La société demande à la Cour de dire l'appel principal recevable et non fondé et de condamner Madame O. aux dépens liquidés à 2.000 Euros à titre d'indemnité de procédure.

III. Faits et antécédents

Madame O. est entrée au service de la société, le 2 septembre 2002, dans le cadre d'un contrat de travail à temps plein (39 heures) en vue d'exécuter du « travail administratif ».

Le 31 janvier 2006, Madame O. a sollicité un congé parental, à raison de 1 jour par semaine, pendant 15 mois à partir du 1er avril 2006.

Le 23 mars 2006, la société a répondu que l'avertissement était tardif pour une prise de cours le 1er avril 2006, mais qu'elle ne s'y opposait pas à condition que « la suspension intervienne sur une période de trois mois d'affilée ».

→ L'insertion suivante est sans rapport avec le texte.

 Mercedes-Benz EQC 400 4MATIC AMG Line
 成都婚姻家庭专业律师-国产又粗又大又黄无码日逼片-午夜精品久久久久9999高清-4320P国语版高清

Le 29 mars 2006, Madame O. a indiqué qu'elle était disposée à postposer le point de départ de son congé parental au 1er mai 2006 mais qu'elle ne pouvait accepter un congé complet de 3 mois, son souhait restant de bénéficier d'une réduction d'un cinquième de temps (soit un jour par semaine) pendant 15 mois.

La société a maintenu sa position et a, le 4 avril 2006, proposé de payer le salaire d'avril 2006 sans que des prestations doivent être effectuées et que le congé parental de 3 mois intervienne du 1er mai 2006 au 31 juillet 2006.

Le 14 avril 2006, Madame O. a confirmé son désaccord en indiquant  qu'en refusant sa demande, la société se mettait « en faute par rapport à la réglementation sur le congé parental ».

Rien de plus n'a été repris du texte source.